Setiap kali berbicara masa depan, ingatan saya kerap terbawa melayang ke masa Sekolah Dasar. Dalam usia yang belum akil baligh, lalu dikenalkan lewat pelajaran Pendidikan Moral Pancasila secara tersirat, idealnya sebuah rumah tangga yang hanya ada ibu dan bapak dengan dua anak. Sejujurnya, saya pribadi ketika itu sempat minder, tidak percaya diri, lantaran ibu bapak saya terlalu berani memiliki anak hingga delapan orang!
Bergerak ke kiri dan kanan, mengintip tetangga dan saudara dekat lainnya, minimal anak yang mereka miliki adalah lima orang, dan tak sedikit yang memiliki keturunan hingga 11-12 anak. Itu baru baru yang berada di sekeliling saya saja dan berdasarkan memori masa kecil hingga remaja, atas fenomena di sekeliling saya.
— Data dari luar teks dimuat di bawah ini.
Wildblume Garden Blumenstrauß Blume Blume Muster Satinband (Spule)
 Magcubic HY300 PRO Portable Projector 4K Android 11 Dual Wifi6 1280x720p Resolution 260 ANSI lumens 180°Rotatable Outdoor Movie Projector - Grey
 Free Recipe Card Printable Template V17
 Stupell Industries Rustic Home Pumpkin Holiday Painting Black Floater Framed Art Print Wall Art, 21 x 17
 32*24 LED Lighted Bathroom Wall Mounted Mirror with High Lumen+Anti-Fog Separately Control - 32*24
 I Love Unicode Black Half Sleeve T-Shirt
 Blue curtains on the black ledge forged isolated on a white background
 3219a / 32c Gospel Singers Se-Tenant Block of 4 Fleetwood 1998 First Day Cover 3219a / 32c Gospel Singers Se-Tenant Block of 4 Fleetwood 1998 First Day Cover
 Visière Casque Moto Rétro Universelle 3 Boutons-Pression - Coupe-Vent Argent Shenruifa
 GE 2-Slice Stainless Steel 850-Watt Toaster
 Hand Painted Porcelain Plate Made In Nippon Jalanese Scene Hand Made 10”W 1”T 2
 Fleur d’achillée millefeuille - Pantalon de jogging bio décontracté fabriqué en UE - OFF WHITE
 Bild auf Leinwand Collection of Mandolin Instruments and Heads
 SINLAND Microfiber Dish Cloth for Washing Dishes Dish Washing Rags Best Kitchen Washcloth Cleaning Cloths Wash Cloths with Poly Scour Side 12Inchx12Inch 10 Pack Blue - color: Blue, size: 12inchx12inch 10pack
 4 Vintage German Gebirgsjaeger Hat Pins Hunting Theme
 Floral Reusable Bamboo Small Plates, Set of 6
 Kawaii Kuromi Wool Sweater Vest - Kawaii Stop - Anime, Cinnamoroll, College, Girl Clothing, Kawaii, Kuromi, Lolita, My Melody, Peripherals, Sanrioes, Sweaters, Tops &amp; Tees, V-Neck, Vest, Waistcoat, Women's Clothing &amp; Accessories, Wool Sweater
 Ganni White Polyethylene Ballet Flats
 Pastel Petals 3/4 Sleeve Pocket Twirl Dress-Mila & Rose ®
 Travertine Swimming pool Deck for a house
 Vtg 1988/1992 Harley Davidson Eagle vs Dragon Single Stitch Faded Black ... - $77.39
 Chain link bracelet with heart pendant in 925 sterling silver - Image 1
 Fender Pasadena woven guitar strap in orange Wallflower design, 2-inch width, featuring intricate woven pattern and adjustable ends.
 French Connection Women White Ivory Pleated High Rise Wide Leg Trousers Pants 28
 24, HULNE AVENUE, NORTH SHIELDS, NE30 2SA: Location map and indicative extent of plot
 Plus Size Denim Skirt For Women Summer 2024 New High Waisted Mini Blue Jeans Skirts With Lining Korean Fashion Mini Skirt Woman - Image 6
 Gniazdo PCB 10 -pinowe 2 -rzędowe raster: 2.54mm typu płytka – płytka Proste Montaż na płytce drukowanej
Ya, itu pengalaman pribadi. Tapi saya percaya, kasus ini tak hanya saya alami, melainkan mungkin terjadi pada ribuan atau bahkan jutaan orang  lainnya di Indonesia. Sebuah keluarga besar, yang besar bukan karena kelimpahan materi atau hal-hal prestisius lainnya, melainkan karena harus menghadapi tantangan sangat besar; tradisi yang memengaruhi sikap mental hingga sudut pandang, sampai dengan prinsip yang menjurus fatalis bahwa semua sudah ditentukan Tuhan dan tak ada yang dapat diubah jika sudah dikehendaki-Nya.
Sekali lagi, itu hanyalah pengalaman pribadi. Ada banyak kesulitan di sana, dan sangat banyak aral dalam proses mencari batu-bata untuk menata bangunan masa depan yang kuat dan kokoh. Sangat banyak tekanan yang harus dihadapi, sementara iklim di sekeliling menuntut untuk berlari. Saya  pribadi membayangkan kehidupan sempat terasa seperti bocah yang baru bisa berjalan namun harus berlari dengan satu ransel besar berisi batu di pundak.Â

Cerita dari pengalaman pribadi itu mungkin mewakili berbagai kemungkinan yang dapat saja terjadi jauh ke masa depan. Pemerintah boleh menggagas rencana semisal Keluarga Berencana, agar lahir keluarga-keluarga yang tak hanya memiliki anak terukur, namun juga memiliki perencanaan yang  juga dapat diukur dan mudah dicapai. Persoalannya, ada kendala dalam hal alam pikir yang gandrung terbangun di tengah masyarakat, dan itu yang tak gampang untuk dibendung.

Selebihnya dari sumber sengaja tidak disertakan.